Extracted data |
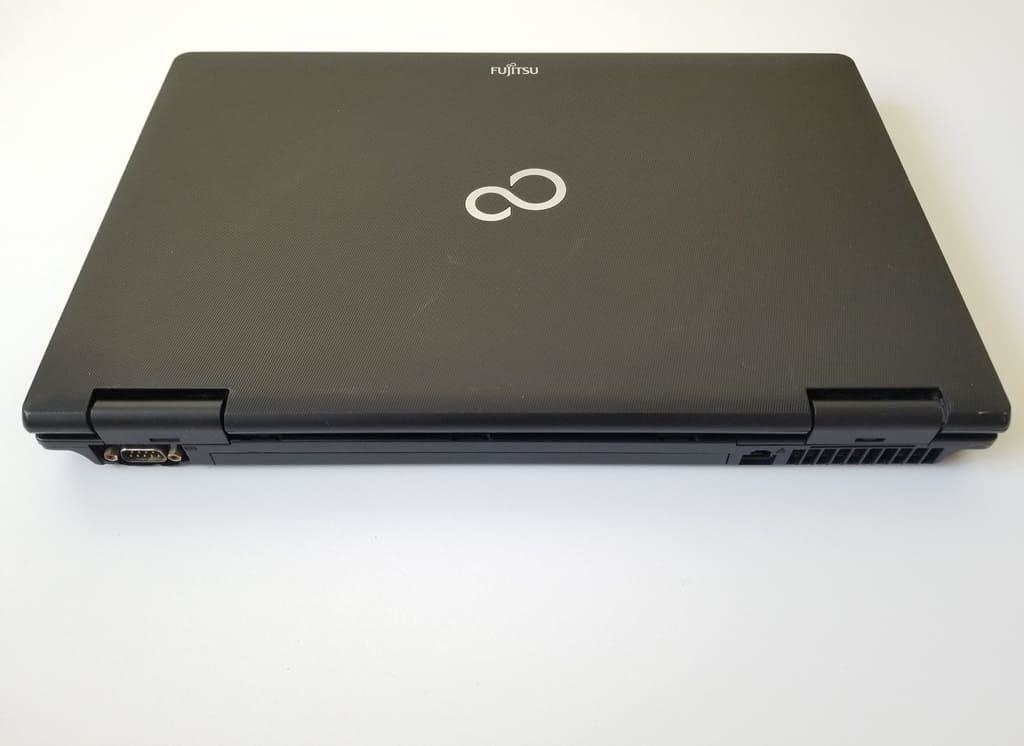 Б/в Ноутбук Fujitsu LIFEBOOK E752 Intel Core i5-3340M / 4 Гб / HDD 320 Гб / Клас В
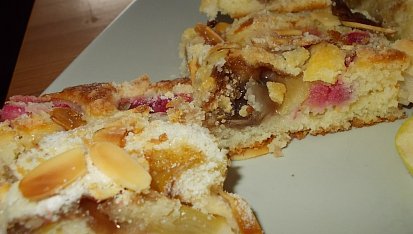 Lehký reveňovo -  jablečný koláč  s  mandlovou drobenkou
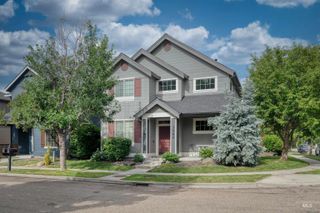 3989 N Park Crossing Ave, Meridian, ID 83646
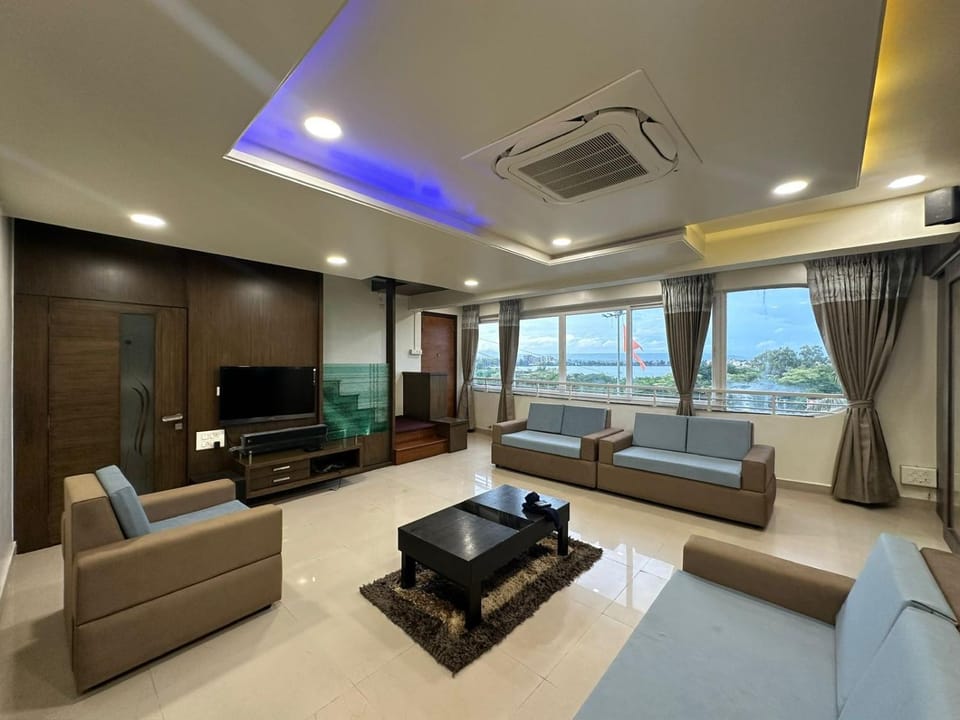 TV and multimedia, Living room, Seating area, air conditioner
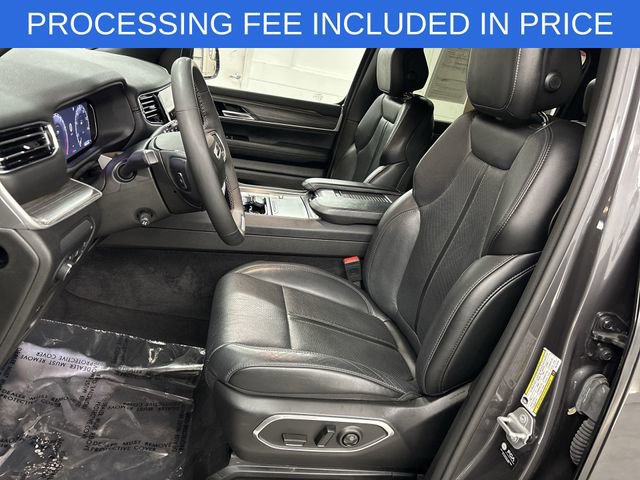 Used 2024 Jeep Wagoneer Series II AWD/4WD image 3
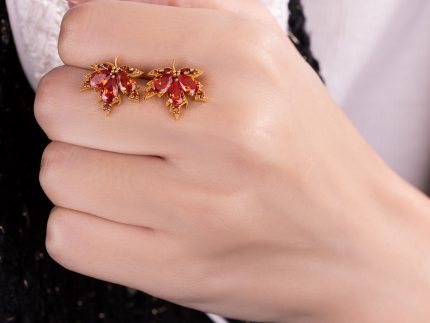 گوشواره طلا میخی مدل برگ پاییزی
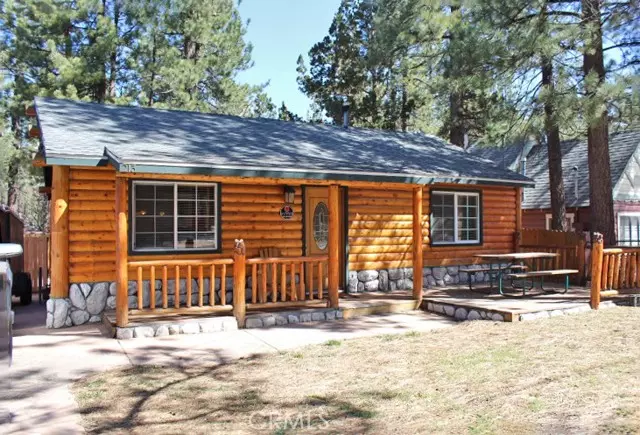 213 E Country Club BLD, Big Bear City, CA 92314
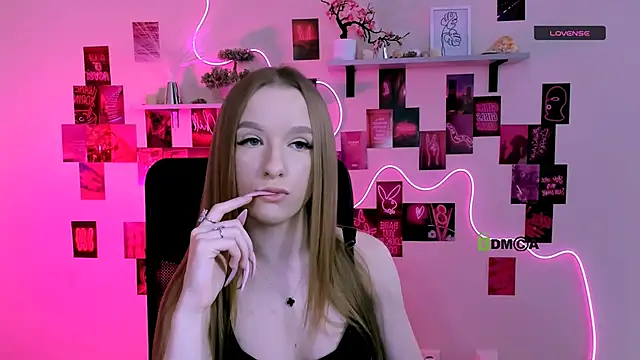 Snapshot of doll_vey chatting on May 2026 09:03:01 AM doll vey online show from May 2026 09:03:01 AM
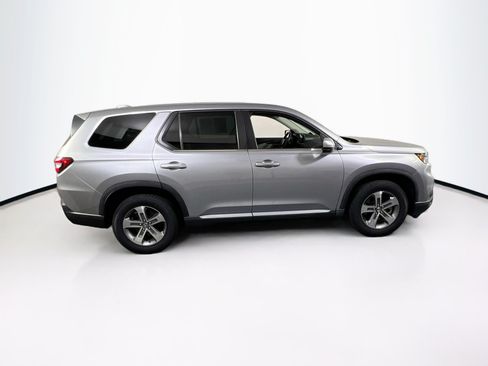 Used 2023 Honda Pilot EX-L image 4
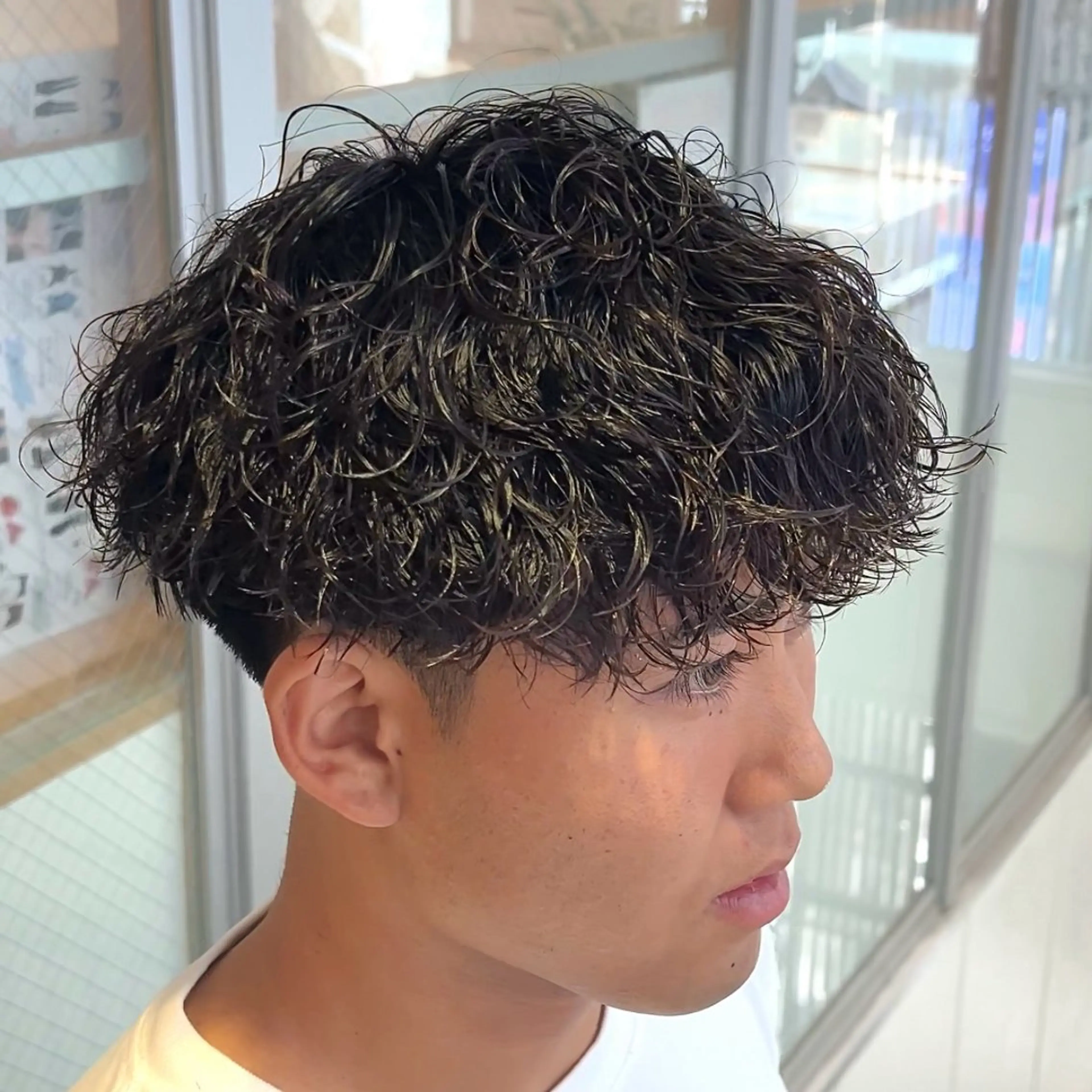 パーマ メンズ カット パーマ メンズパーマ眉毛 特化アユム🔥のヘアスタイル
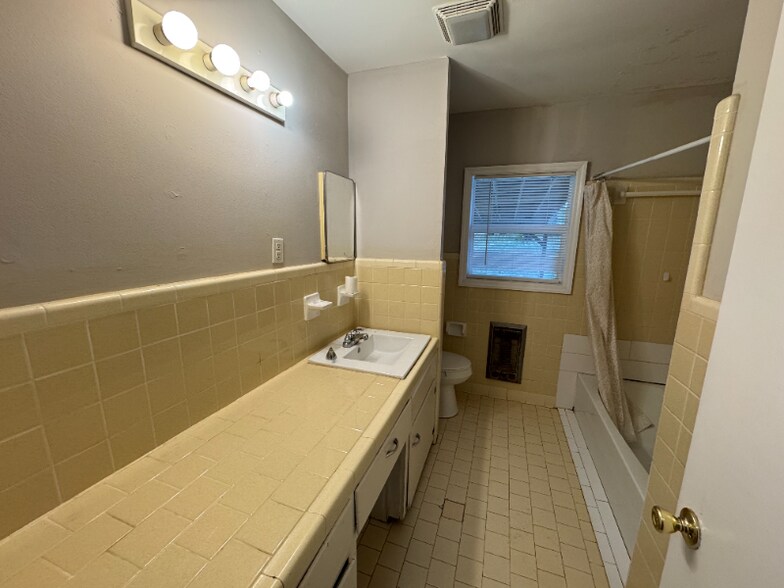 Building Photo - 304 Carol Dr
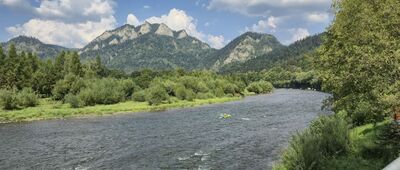 Czerwony Klasztor, kładka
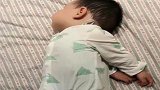 你以为宝宝侧着睡的，掀开被子那一刻，网友：这是耽误起飞了啊！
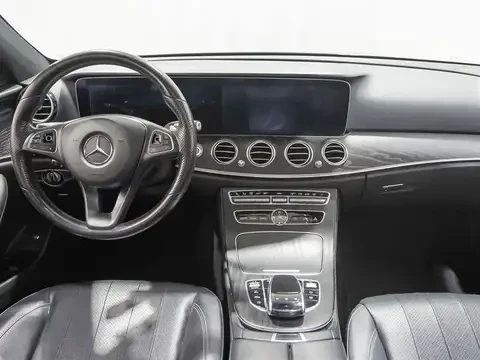 Mercedes-Benz E 300 AMG* 4matic* Burmester* 360, снимка 6 - Автомобили и джипове - 55604254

Problem details |
Without the pictures, copy the entries from their first line through the line containing "你以为宝宝侧着睡的，掀开被子那一刻，网友：这是耽误起飞了啊！", and only those lines.

Written solution |
 Б/в Ноутбук Fujitsu LIFEBOOK E752 Intel Core i5-3340M / 4 Гб / HDD 320 Гб / Клас В
 Lehký reveňovo -  jablečný koláč  s  mandlovou drobenkou
 3989 N Park Crossing Ave, Meridian, ID 83646
 TV and multimedia, Living room, Seating area, air conditioner
 Used 2024 Jeep Wagoneer Series II AWD/4WD image 3
 گوشواره طلا میخی مدل برگ پاییزی
 213 E Country Club BLD, Big Bear City, CA 92314
 Snapshot of doll_vey chatting on May 2026 09:03:01 AM doll vey online show from May 2026 09:03:01 AM
 Used 2023 Honda Pilot EX-L image 4
 パーマ メンズ カット パーマ メンズパーマ眉毛 特化アユム🔥のヘアスタイル
 Building Photo - 304 Carol Dr
 Czerwony Klasztor, kładka
 你以为宝宝侧着睡的，掀开被子那一刻，网友：这是耽误起飞了啊！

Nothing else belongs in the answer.